It was probably during this brief stay in Verona that Wilde was inspired to write the sonnet At Verona, published in the 1881 edition of his Poems.
After Verona Wilde goes to Milan with his friends, but, having spent almost all his money, he must return home. Before leaving, on June 25th, he visits Arona, the town of St. Charles Borromeo, on Lake Maggiore, and from there he goes, by coach, via the Simplon Pass, to Lausanne. On the 28th he arrives in Paris and continues his voyage back to his home in Ireland.


OSCAR  WILDE’S  OTHER ITALIAN  JOURNEYS

March 1877: Wilde, Mahaffy, Goulding and another student called George Macmillan travel from London to Genoa, passing through Paris and Turin. From Genoa they reach Ravenna and then Brindisi where they board a ship for Greece. During their return trip, they arrive in Naples and from there they take the train to Rome, where they remain a few days. On the 28th or 29th Oscar Wilde is back in Oxford.

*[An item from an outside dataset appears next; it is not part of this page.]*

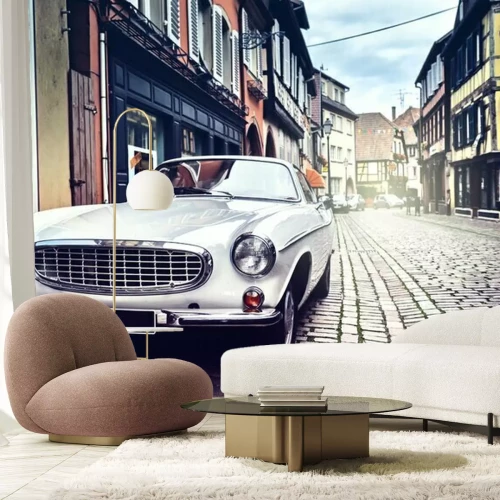 Fotobehang Retro auto in een oude straat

May-June 1894: Wilde, from Paris where he was staying, goes to Florence where, by chance he meets Andrè Gide, whose acquaintance he had made in Paris, and he visits the Anglo-Florentine writer, Vernon Lee (Violet Paget).

September 1897-February 1898: After leaving Reading Gaol in May, Wilde goes to Dieppe, France, but, in a few month’s time, he reaches Lord Alfred Douglas in Naples. They first go to live at the Hôtel Royal des Etrangers, then they rent Villa Giudice, in Posillipo. Wilde and Douglas visit Capri together. Douglas leaves and Wilde, who by now lives alone at the Palazzo Bambino, 31 Santa Lucia, goes to Taormina.

February 1899: From Nice where he was staying, Wilde goes to Genoa to pray on the tomb of his wife, Constance, who has died the year before. He goes to Switzerland and the, in April he is in Santa Margherita Ligure.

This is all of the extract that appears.